Nos vieux membres sont gourds, oui, cela se peut bien,
mais vouloir ne prétend défaillir, ah bien, non.
Et je me sens encore, moi, ma dent de poulain,
malgré les nombreux ans qui sont passés depuis
3890 que se prit à couler le fausset de ma vie ;
car, sitôt né, bien sûr, sans attendre, la mort
a tiré le fausset par où ma vie s’en va,
et, depuis, le fausset coule et coule si bien
que tout près d’être vide est enfin le tonneau ;
et mon filet de vie découle sur le jable.
Bien peut la sotte langue sonner, carillonner
les folies qui depuis de longs jours sont passées.
Hormis le radotage, chez les vieux, plus rien n’est. »

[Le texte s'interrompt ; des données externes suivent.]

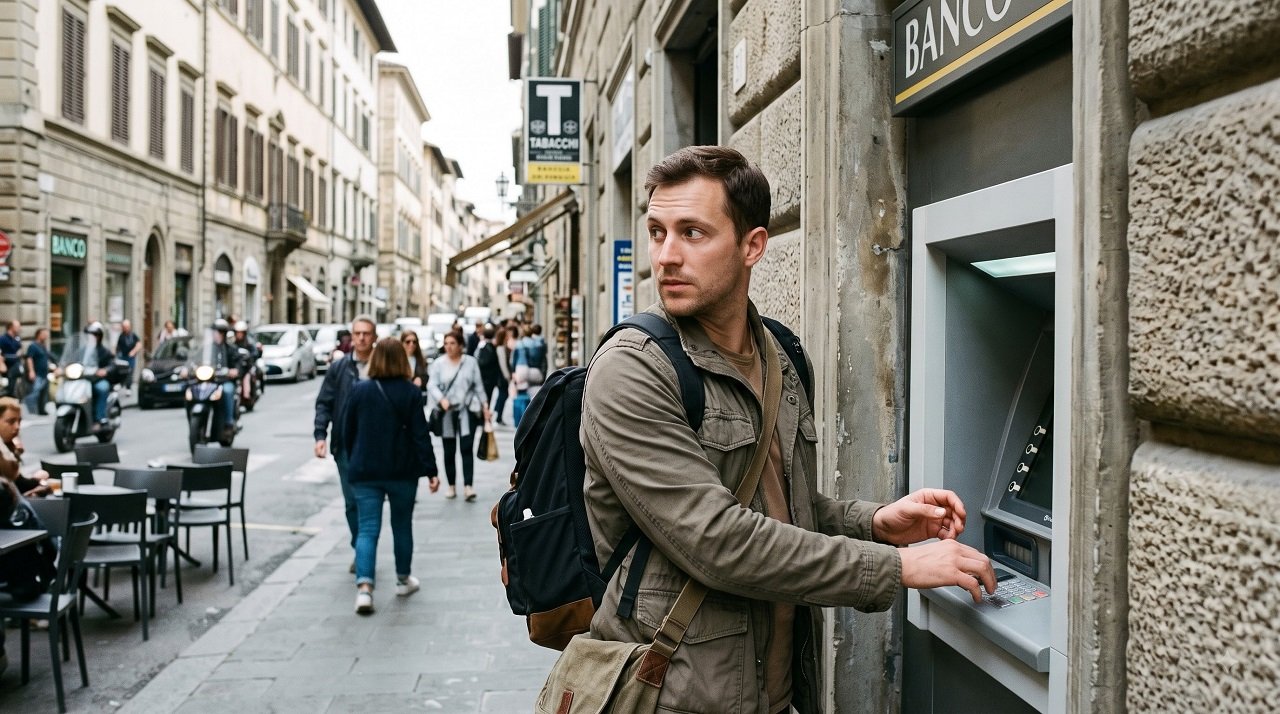 Traveler using an ATM cautiously while traveling abroad, aware of common travel scams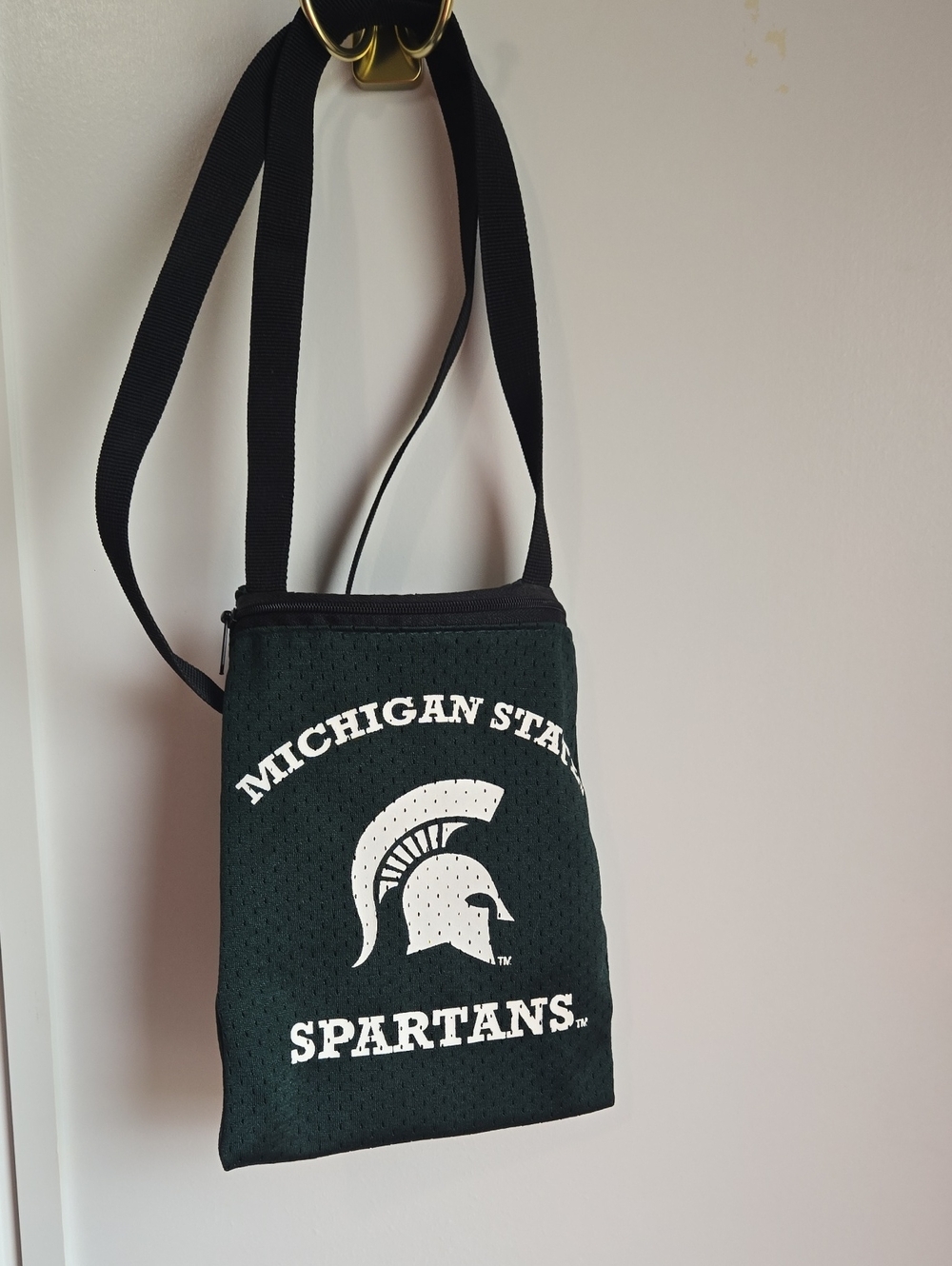 Michigan State Spartans Dark Green Crossbody Bag with White Logo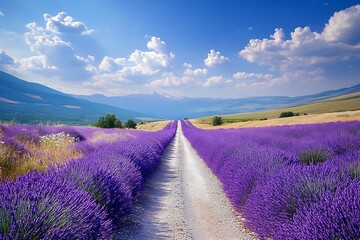 Obraz premium A road lined with blooming lavender fields, with the scent of lavender filling the air under a bright, sunny sky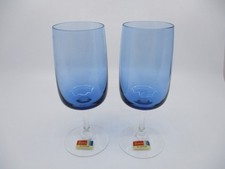 FOSTORIA GLAMOUR BLUE - 2 WATER GOBLETS - 7 1/8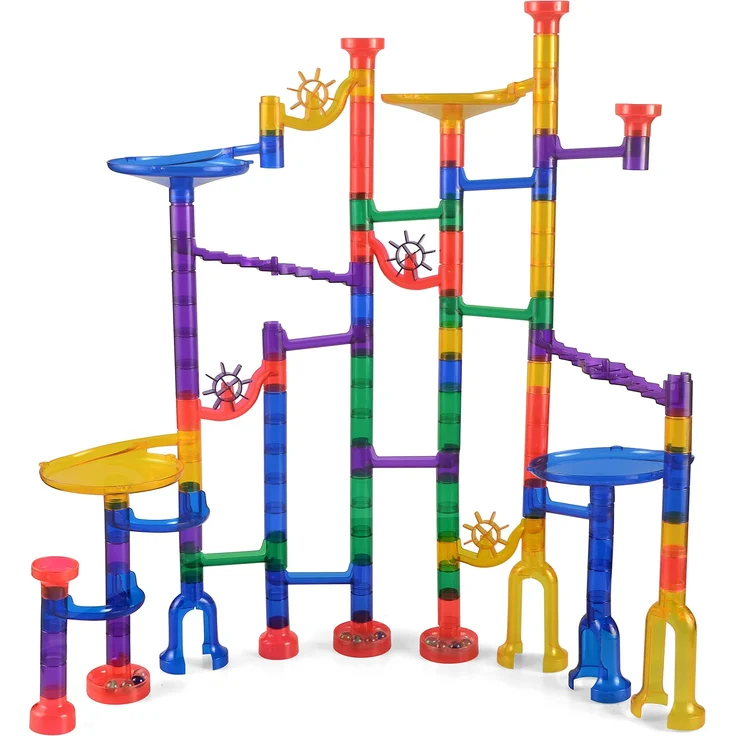 JOYIN 150 Stück Mehrfarbige Murmelbahn Marble Run Set mit 100 Bahnelementen und 50 Glasmurmeln, Kugelbahn Lernspielzeug, Bausteinspielzeug, Konstruktionspielzeug für Kinder – Bild 2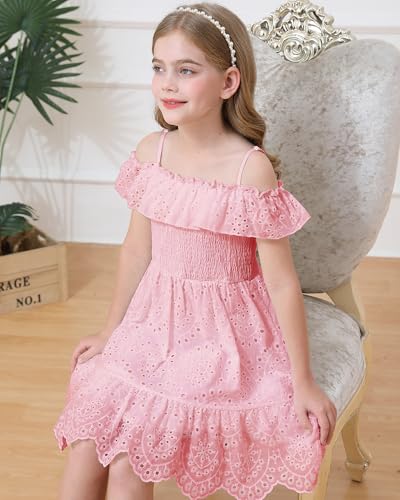 Weebaby Tween Girls Dresses Summer Outfits Smocked Dress Casual Sundress Lace Teen Girl Clothes 7-14 Years3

Aussitôt que notre hôte eut oui ce beau prêche,
3900 du ton impérieux d’un roi il répliqua.
Il dit : « À quoi donc riment tous ces sages discours ?
Devrons-nous tout le jour gloser sur l’Évangile ?
C’est le diable qui fit prêcher un intendant,
comme il fait savetier pilote ou médecin.
Dis-nous donc ton histoire sans gaspiller le temps.
Voici venir Deptford, et il est demi-prime[1].
Voici venir Greenwich, où hante maint gredin.
Il serait temps, grand temps d’entamer ton histoire ! »

« Or donc, messires, dit Oswald l’intendant,
3910 je vous demande en grâce à tous qu’il ne vous peine
que je réponde et lui baille quelques nasardes ;
car opposer la force à la force, c’est justice.
Ce meunier ivre nous a ici conté
comment fut engeigné certain charpentier,
possible, pour me railler, car j’en suis un, moi.
Et, par votre congé, il va me le payer.
Je veux tout comme lui user de mots vilains[2].
Fasse Dieu, je l’en prie, qu’il se rompe le cou.

  1. C’est-à-dire sept heures et demie du matin.
  2. Ces « mots vilains », nous avons cru devoir les atténuer un peu.